I found you and I was like a Victorian lady all of a sudden, looking for my fainting couch. I couldn’t speak. I was dizzy and nauseous. I was shocked but not shocked. After all, I’d thought to look, hadn’t I? And I wasn’t even the only person who knew you then who looked. A lot of us looked.
It’s clear you don’t care what I think, that you never cared what I thought, even when you acted like you did. You were only in it for yourself, you cared what people more powerful than you thought. You didn’t care what the rest of us thought. You didn’t care, especially, what women thought.
That is clear, but I still have to tell you what I think.
What I think is that you should have lived your life in such a way that people who knew you well don’t search the Epstein files for your name. You were the first person I thought to search for! That’s your legacy, man: the first person a woman who once loved and admired you searches the Jeffrey Epstein files for.
He told someone else you were fun but that you didn’t understand money. I try not to think too much about that first part, where he called you fun, but the second part certainly seemed to be true: none of your businesses ever turned a profit, did they, however much you told me you understood things about business that I did not.
You told me that when I left, remember? When I was afraid of one of your henchmen, said he was dangerous, said he wasn’t gonna save you, was probably stealing from you, you told me I was prejudiced against old white men. You told me I didn’t know what I was talking about. You told me I didn’t understand.
Later you texted me that you had some thoughts about diversity you were working on, a whole new approach. I was naive, you said, I didn’t know how to be political, to network, I didn’t understand what it took to raise money, to have power.
Clearly, though, I did understand, didn’t I?
It isn’t because I don’t understand what it takes to get funding, to attain more power, to pursue my own ambitions, that I no longer work in your industry. On the contrary, it’s precisely because I do.
I didn’t think you could break my heart again, but you could and you did. I wanted you to be better, to be what you presented yourself as: a rough-around-the-edges visionary with a secret heart of gold. I haven’t believed that for a while now, but this last, completely predictable insult still knocked me off my feet.

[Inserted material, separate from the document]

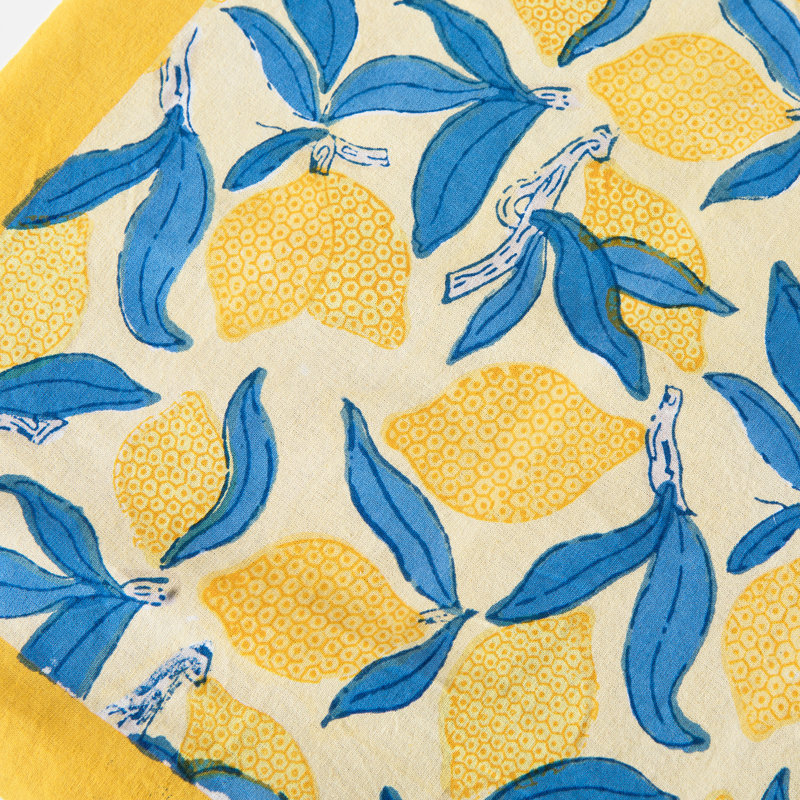 Lemon Tree Tablecloth, 59" W x 59" L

You murdered every ounce of regard I ever had for you and then you pissed on the remains. I’ve scraped the pile off the ground, though, put it in a tupperware and saved it up. I’ll bring that meal to your funeral potluck and serve it to your guests. Hot dish straight from hell. Bon appetit!
****
To be clear, I’m not accusing you of raping children. I’m just saying you’re a wildly mediocre con man of loose morals, and I’d be sorry I ever gave you any of my time at all except that I still love so many of the people I met while doing so, good people, better people than you will ever be. We wanted to do some good in the world and we thought you could help us do it, and we were wrong, but we’re still out here trying.
Anyhow, fuck off forever, you pathetic asshole.